We found support for our hypothesis that weather variability would affect spillover risk for migrant, but not resident elk. We estimated that the distribution of spillover risk for migrants was somewhat sensitive to changes in snow cover, with 7%–12% more risk occurring on private ranchlands during heavy snowfall years than during low or average snowfall years. Conversely, we estimated that the distribution of spillover risk on private ranchlands for residents changed <1% during low, average and heavy snowfall years. We also found support for our hypothesis that elk migration lowered per‐capita spillover risk. Although migrants were responsible for 68% of spillover risk because of their greater numbers, for five of seven herds with both migrants and residents, per‐capita spillover risk on private ranchlands was greater for residents than for migrants (Figure 5b). Averaged across weather scenarios and herds, we estimated that per‐capita spillover risk on private ranchlands was 23% greater for residents than for migrants.

4. DISCUSSION

We combined ecological, epidemiological and behavioural data from >200 elk in eight GYE herds with livestock distribution data to examine the influence of partial migration on abortion and spillover risk. By incorporating these datasets, we revealed that most spillover risk from elk to livestock was on private ranchlands in early spring. Furthermore, we found that migrant elk generated the majority of spillover risk because they were more abundant than resident elk. On a per‐capita basis, however, we estimated that migrant elk were 23% less risky to livestock than resident elk because they migrated off of private ranchlands during the risk period.

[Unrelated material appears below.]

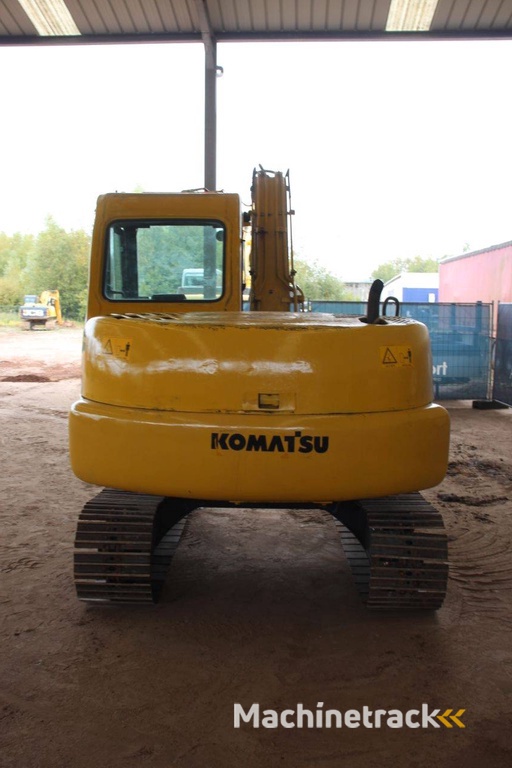 Crawler excavator Komatsu PC60-7 Diesel 40kW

Our synthetic approach is uncommon in disease ecology because of the challenges associated with merging data streams collected at varying spatial and temporal resolutions and scales (Dougherty et al., 2018; Plowright et al., 2017; Rayl et al., 2019). Other studies have integrated host movement or density data to estimate pathogen transmission risk or exposure rates within a host species (e.g. Borg et al., 2017; Proffitt et al., 2015; Russell et al., 2015). Indeed, there have been a number of previous studies that have examined the potential for brucellosis spillover risk from wildlife to livestock, but none to date that have examined the role of host migration in spillover risk (Kilpatrick et al., 2009; Merkle et al., 2018; Proffitt et al., 2011; Rayl et al., 2019). Our analysis accounted for many of the major components of elk‐to‐livestock brucellosis spillover risk, including host movement, distribution, density, prevalence and transmission timing, and suggested important links between migratory behaviour and the risk of disease spillover. The approach we developed is applicable to other disease systems such as avian influenza and bighorn Ovis canadensis and domestic sheep (O. aries) pneumonia, although the challenge is to have all the necessary datasets align in space, time and resolution (Cross et al., 2019; Rayl et al., 2019).

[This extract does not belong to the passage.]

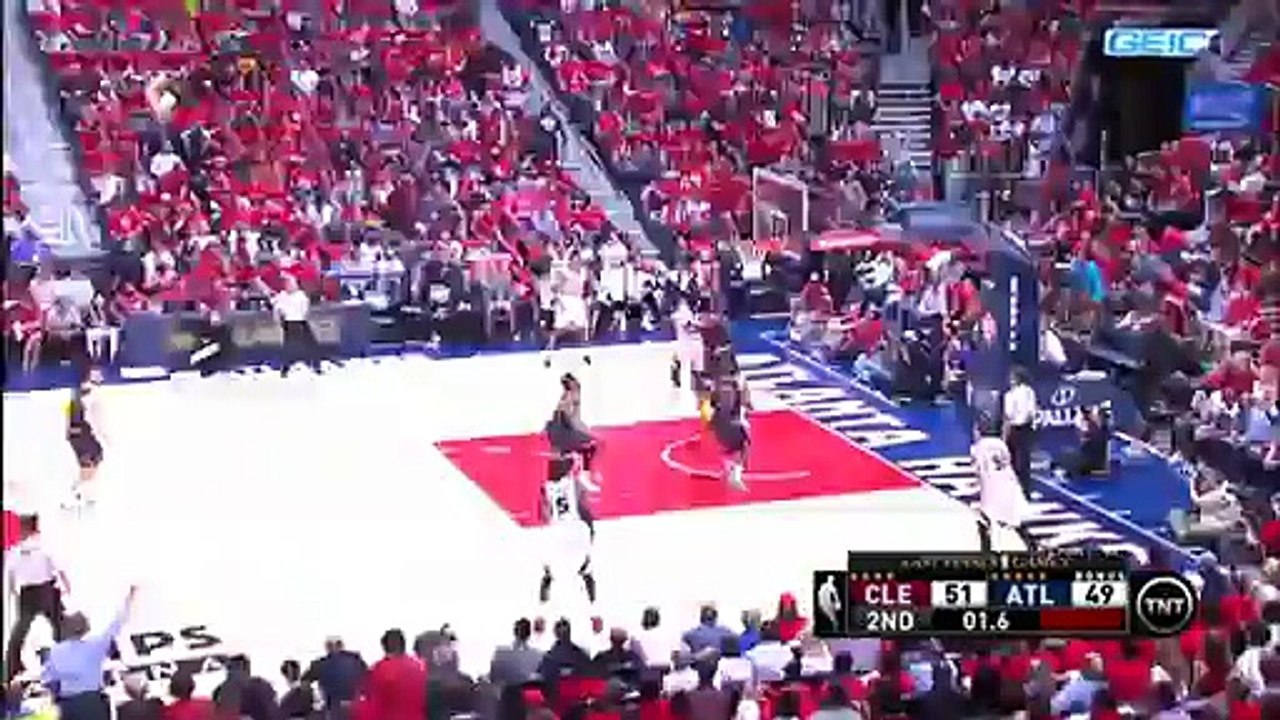 Top 5 NBA Plays May 20th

As we had hypothesized, our findings provided evidence that weather variability affected spillover risk from elk to livestock in the GYE. Previous work in this system has documented delayed elk migration in spring following winters with heavier snowfall and later vegetation green‐up (Rickbeil et al., 2019; White et al., 2010). Our results correspond with these findings and demonstrate the cascading effects this environmental variability can have on spillover risk. As predicted, we found that heavier snowfall did not influence spillover risk from residents, but that it had a modest influence on the distribution of spillover risk from migrants. During heavy snow years, we estimated that 7%–12% more migrant spillover risk was on private ranchlands, likely because snow cover delayed departure from winter range. Under future climate change scenarios, decreased snowpack and advanced snowmelt are expected in the Rocky Mountains (Gergel et al., 2017). These changes may induce earlier departure from winter range, thereby reducing spillover risk from migrant elk on private ranchlands (Rickbeil et al., 2019; White et al., 2010).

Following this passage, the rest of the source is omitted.